Dinamika yang terjadi dalam ranah politik dan kepartaian Indonesia memang menarik untuk dibahas dari sudut pandang sejarahnya. Dari pemaparan-pemaparan di atas dapat diketahui bahwa awal mula berkembangnya pemikiran politik dan ideologi di masyarakat adalah sejak adanya politik etis yang melahirkan kaum intelektual dalam diri bangsa. Mulai muncul kesadaran akan pentingnya memiliki rasa nasionalisme dan juga identitas nasional kebangsaan. Pergantian rezim pemerintahan pun turut mempengaruhi corak politik pemerintahan di dalam negeri bahkan dalam perjalanannya sempat terjadi beberapa peristiwa koersif yang juga tercatat dalam sejarah bangsa sebagai peristiwa yang mewarnai dinamika politik dan pemerintahan di tengah proses modernisasi.
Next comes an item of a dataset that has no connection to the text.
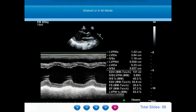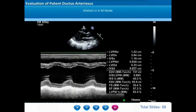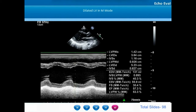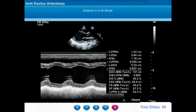Dilatation of the left ventricle is indirect evidence of the magnitude of left-right shunt through the ductus arteriosus. If there is a large left-right shunt, it results in significant LA-LV dilatation and large left ventricular internal dimensions in diastole. In this M-mode taken from a small 1-year-old child, the left ventricle internal dimension is as large as 5.23 cm — an indicator of significant dilatation due to large flow from the aorta into the pulmonary artery through a large ductus.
Adanya perubahan tersebut juga menandakan bahwa bangsa kita telah mengalami suatu perkembangan, tidak hanya dalam hal ekonomi namun juga sosial politiknya. Dari segi positifnya, peristiwa-peristiwa kelam yang tercatat dalam sejarah tersebut dapat dijadikan suatu pembelajaran oleh para pemimpin bangsa dan juga masyarakat pada umumnya untuk senantiasa bijak dalam menentukan langkah kita ke depannya agar kejadian yang sama tidak terulang kembali.
Referensi:
Budiardjo, M. (2003). Dasar-Dasar Ilmu Politik. Gramedia Pustaka Utama.
Marijan, K. (2010). Sistem Politik Indonesia: Konsolidasi Demokrasi Pasca Orde Baru. Penerbit Prenadamedia Group.
Surbakti, R. (1992). Memahami Ilmu Politik. Penerbit PT Grasindo.